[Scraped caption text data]
◇ ◇ ◇

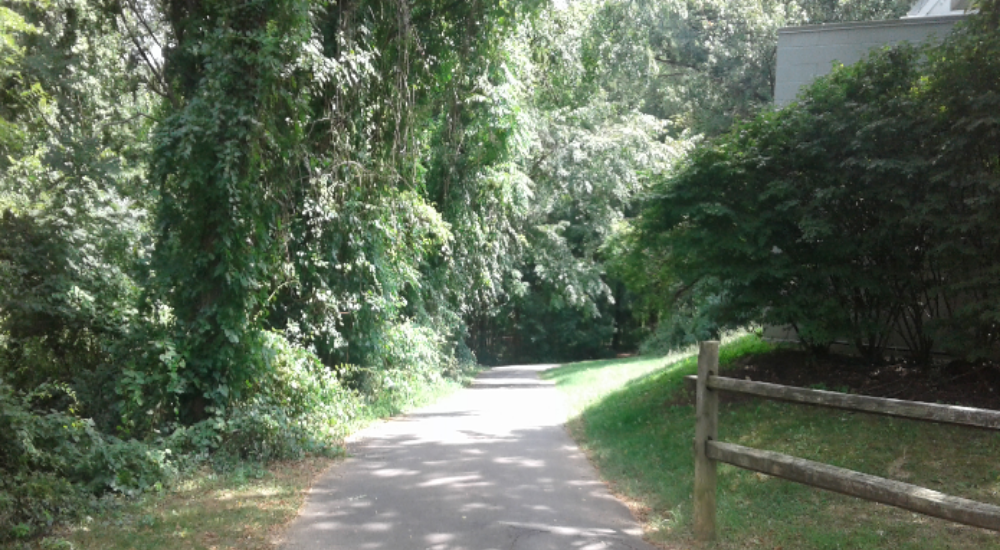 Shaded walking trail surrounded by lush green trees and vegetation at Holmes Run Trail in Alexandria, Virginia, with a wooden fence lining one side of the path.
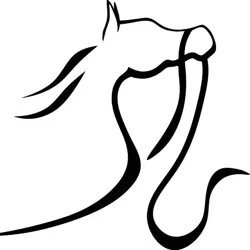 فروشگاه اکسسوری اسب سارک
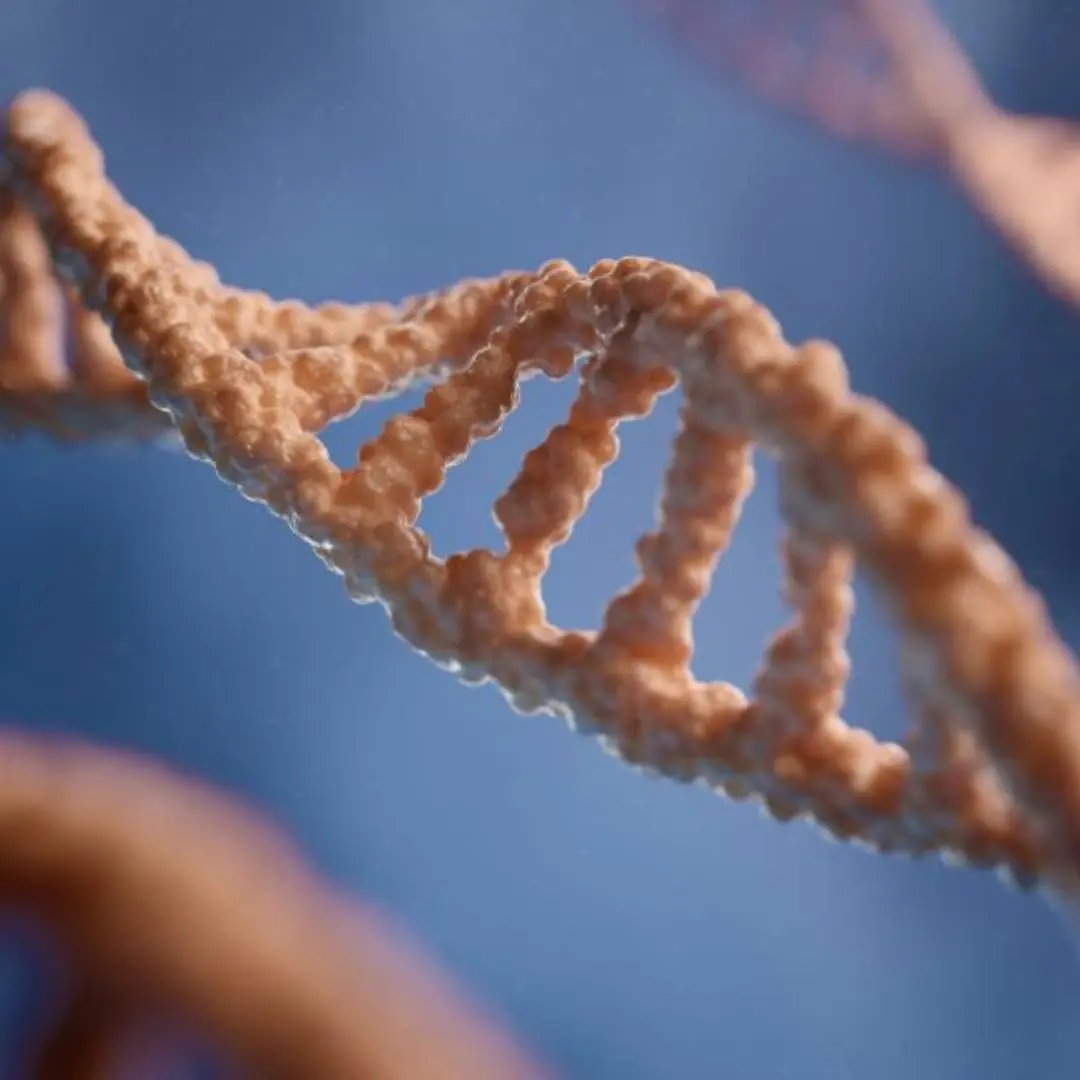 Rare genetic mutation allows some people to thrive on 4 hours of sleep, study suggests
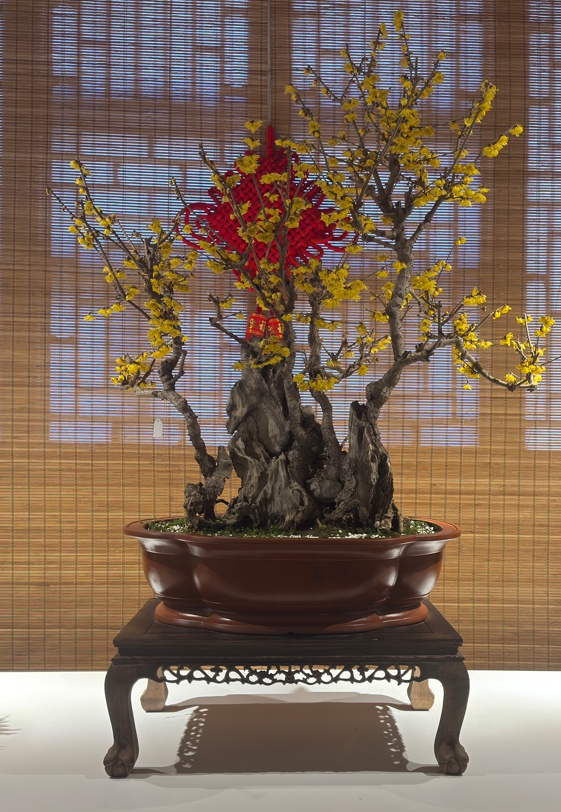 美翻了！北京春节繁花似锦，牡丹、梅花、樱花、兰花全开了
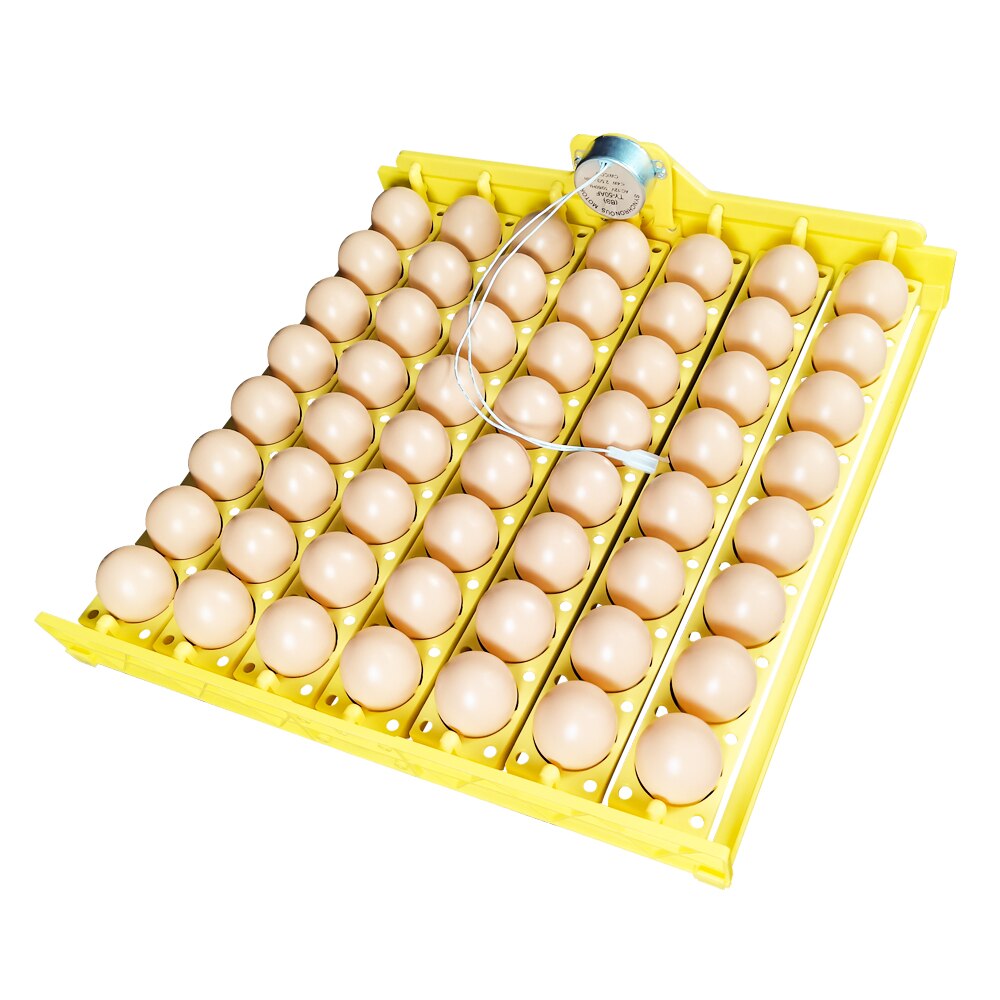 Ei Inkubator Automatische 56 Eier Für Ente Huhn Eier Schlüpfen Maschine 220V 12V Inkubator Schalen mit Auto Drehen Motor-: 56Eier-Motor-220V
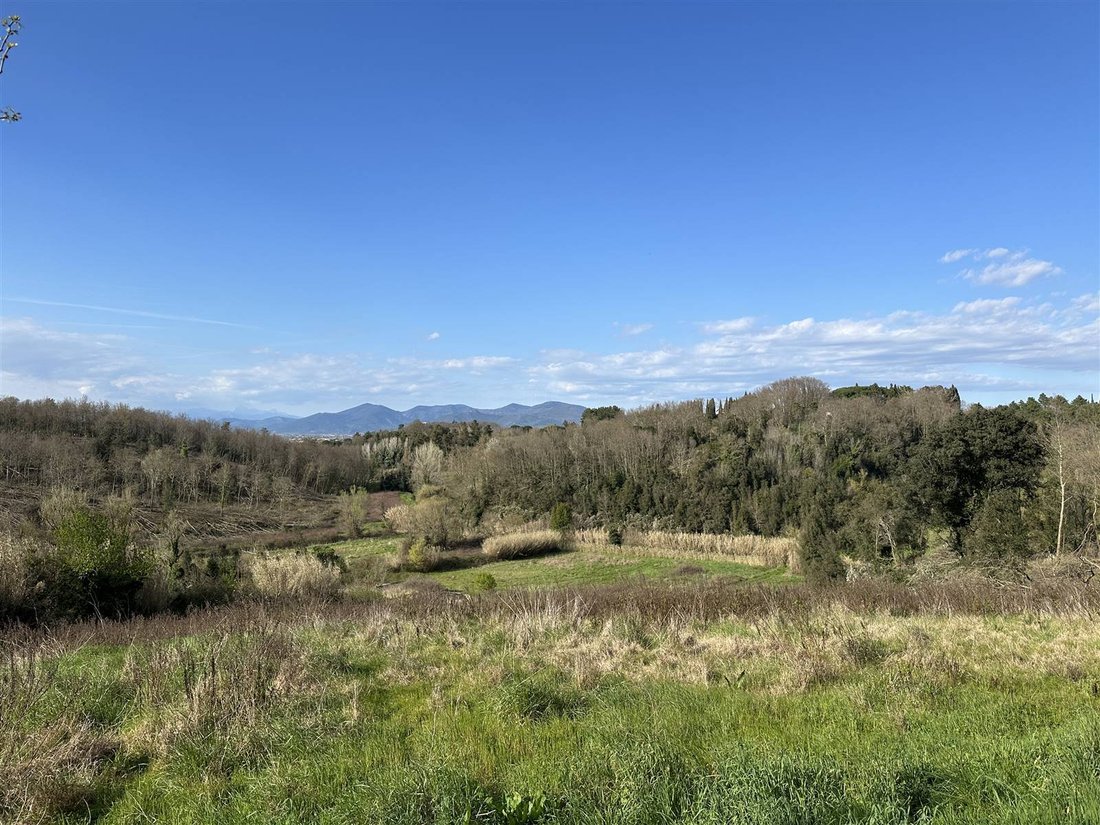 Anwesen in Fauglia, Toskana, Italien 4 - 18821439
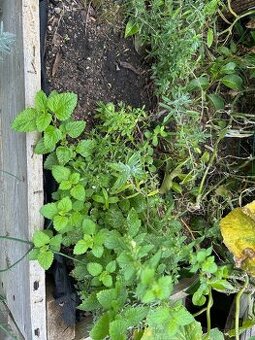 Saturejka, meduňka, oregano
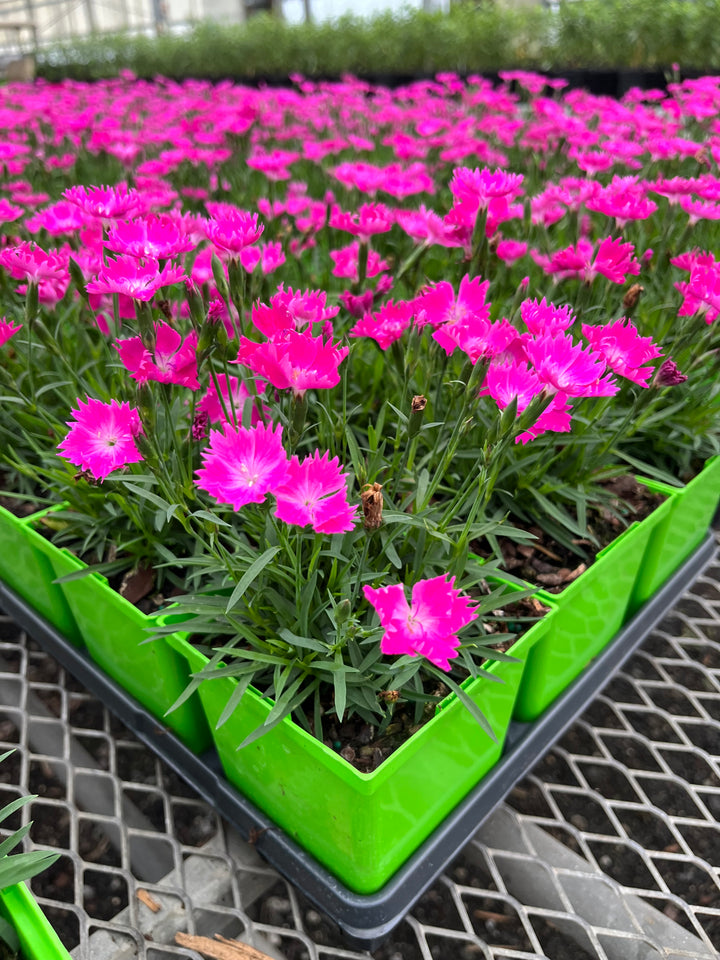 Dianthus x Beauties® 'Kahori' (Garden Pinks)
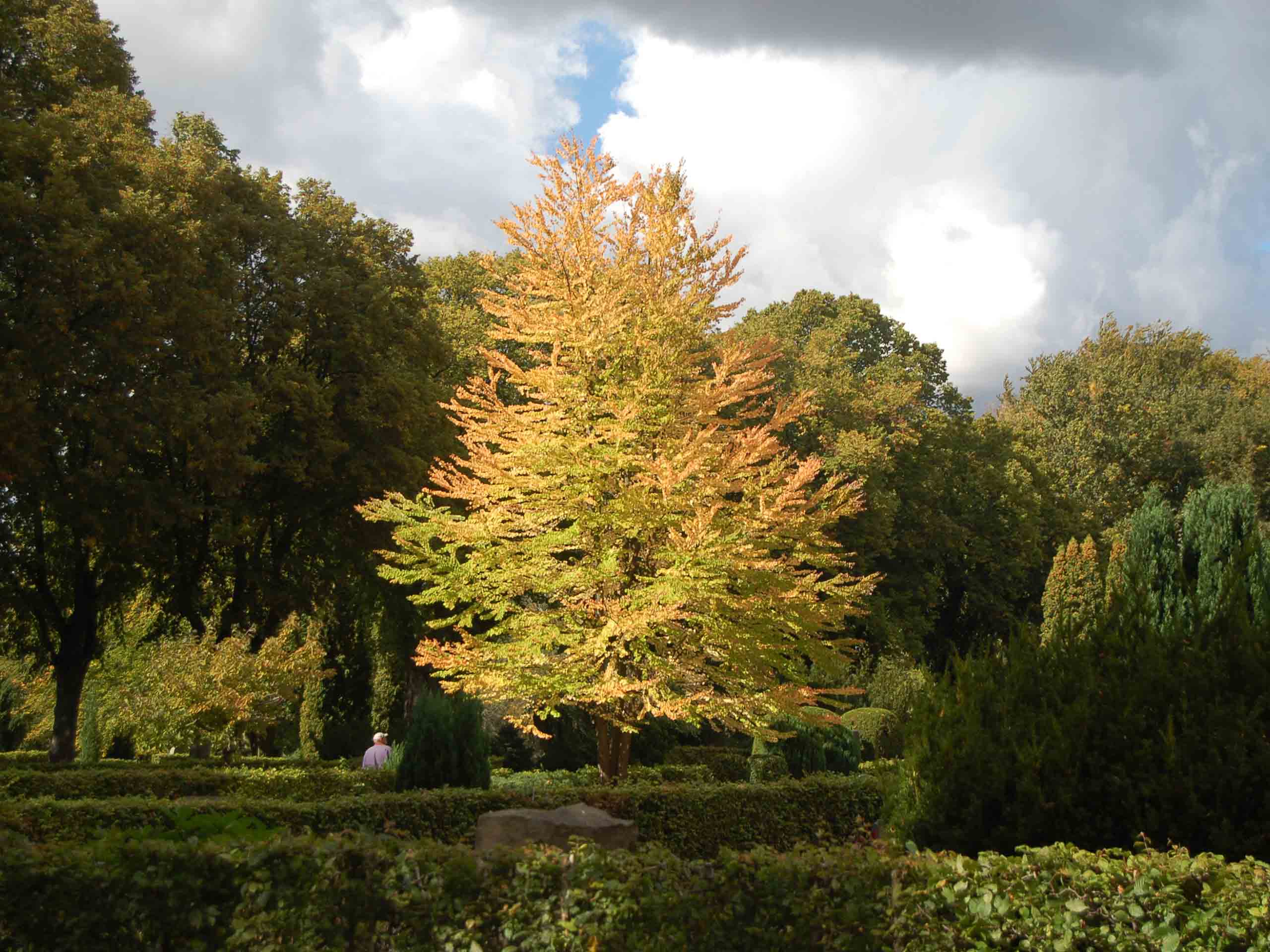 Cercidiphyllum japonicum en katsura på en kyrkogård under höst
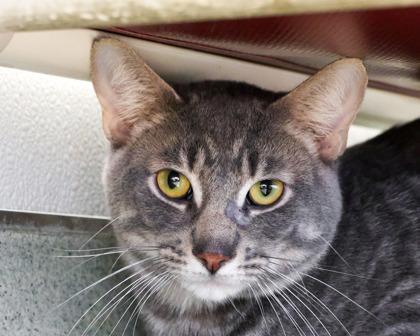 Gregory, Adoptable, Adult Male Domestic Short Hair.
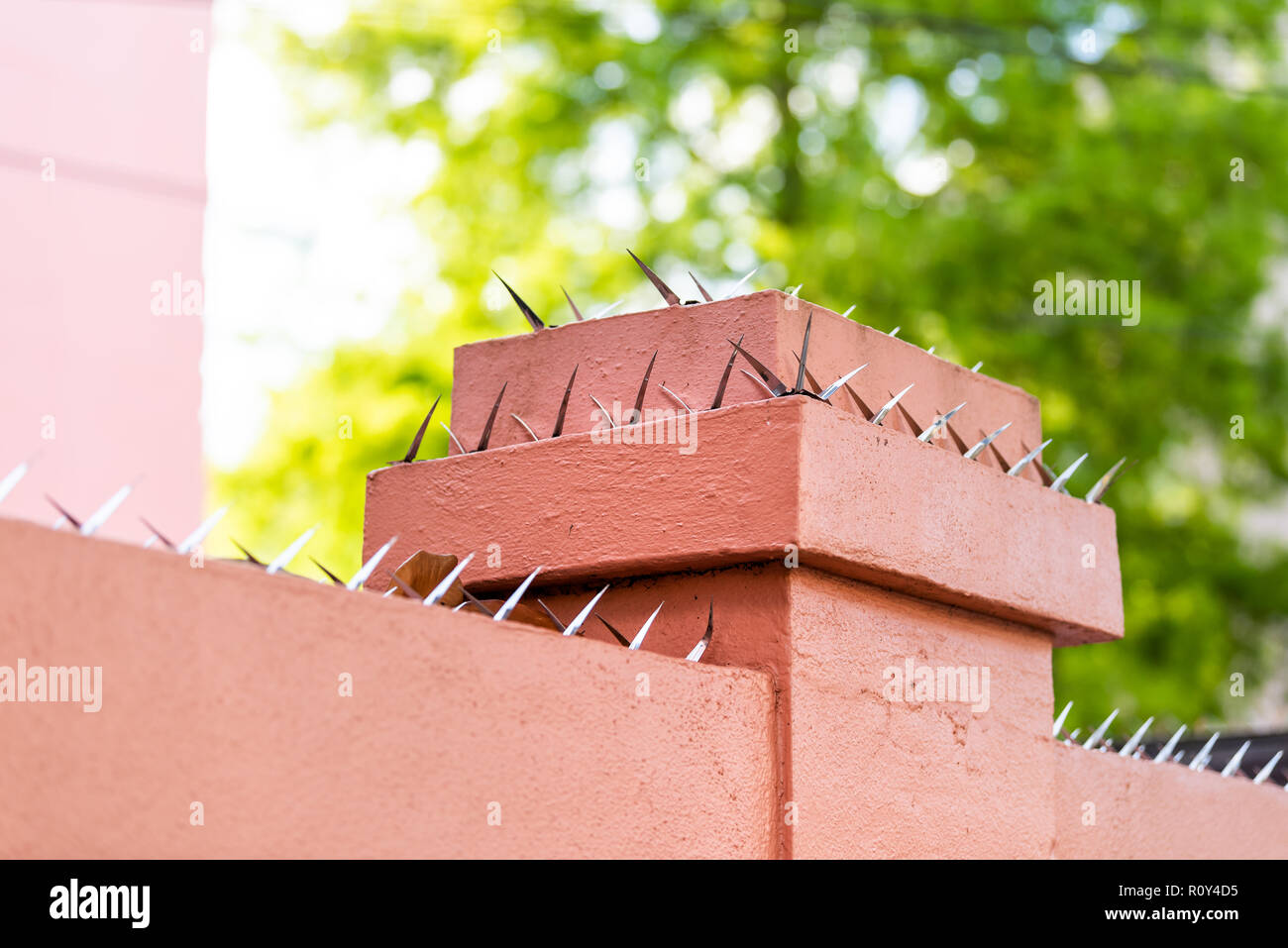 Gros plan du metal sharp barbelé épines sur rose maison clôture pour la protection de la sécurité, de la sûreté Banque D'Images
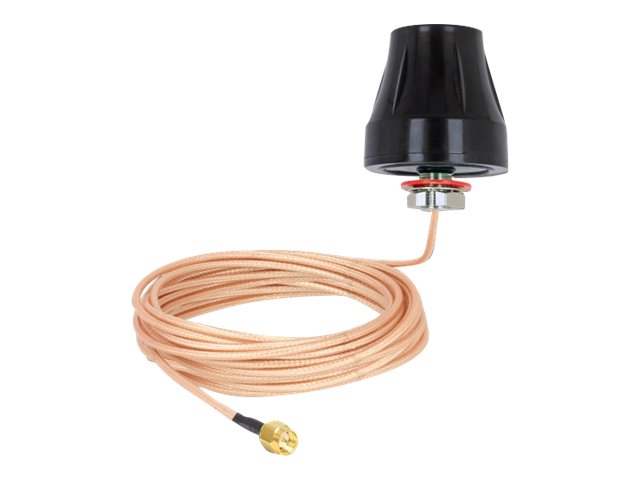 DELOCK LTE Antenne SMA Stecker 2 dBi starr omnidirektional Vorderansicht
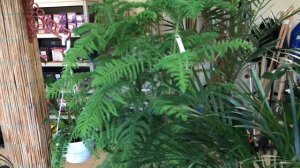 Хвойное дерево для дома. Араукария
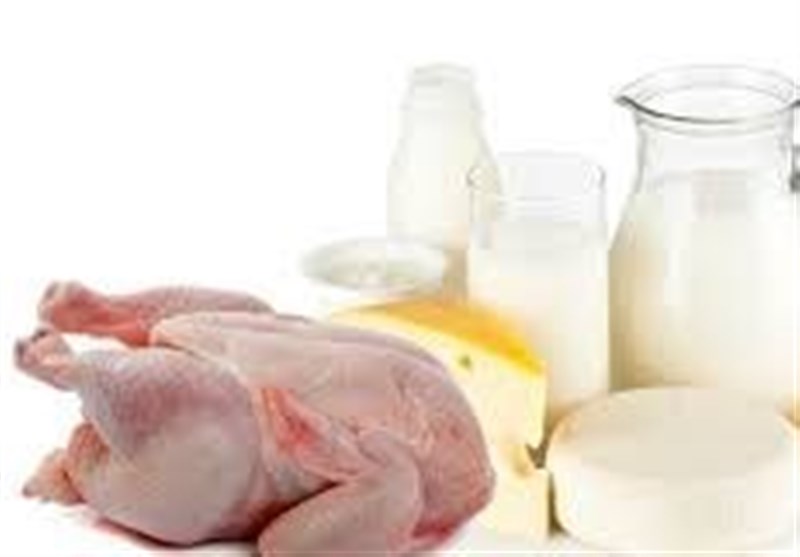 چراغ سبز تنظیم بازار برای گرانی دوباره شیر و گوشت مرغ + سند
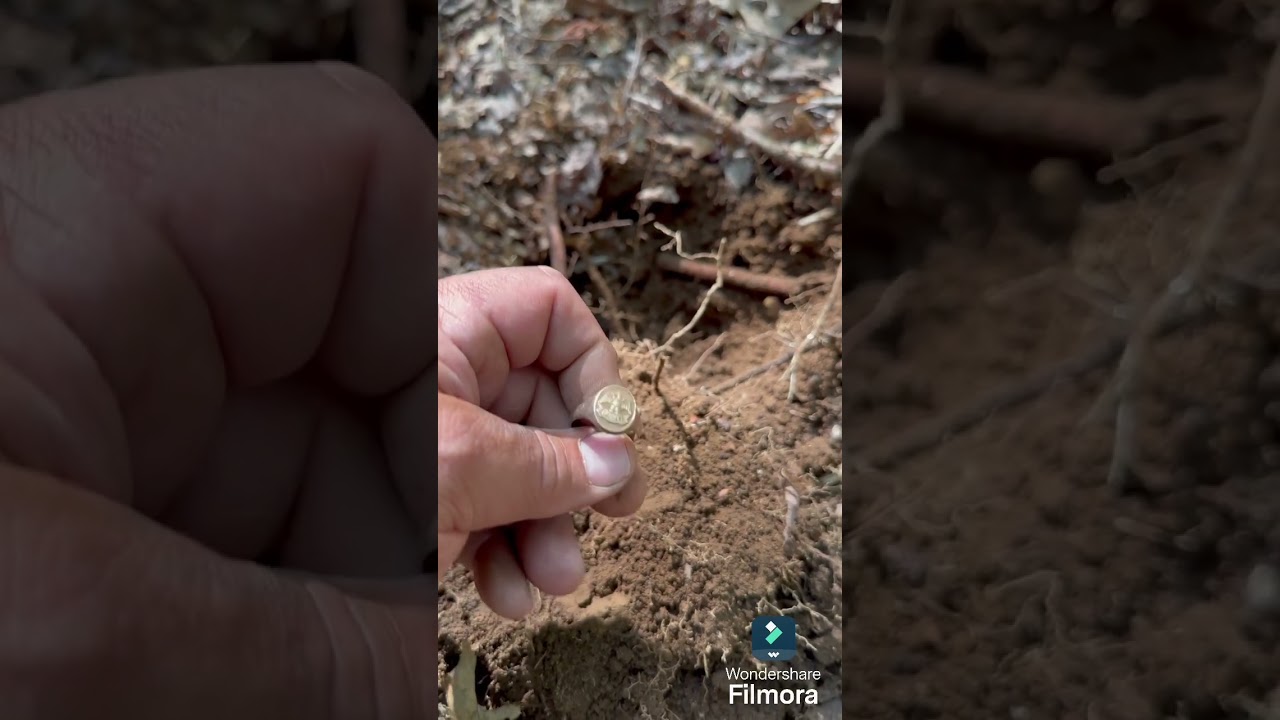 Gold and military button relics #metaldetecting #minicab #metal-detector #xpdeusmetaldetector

◇ ◇ ◇

# Required work
Copy exactly the lines that run from the line containing "Gregory, Adoptable, Adult" to the end of the data above, keeping both end lines and leaving out all pictures.

# Output of the exercise
 Gregory, Adoptable, Adult Male Domestic Short Hair.
 Gros plan du metal sharp barbelé épines sur rose maison clôture pour la protection de la sécurité, de la sûreté Banque D'Images
 DELOCK LTE Antenne SMA Stecker 2 dBi starr omnidirektional Vorderansicht
 Хвойное дерево для дома. Араукария
 چراغ سبز تنظیم بازار برای گرانی دوباره شیر و گوشت مرغ + سند
 Gold and military button relics #metaldetecting #minicab #metal-detector #xpdeusmetaldetector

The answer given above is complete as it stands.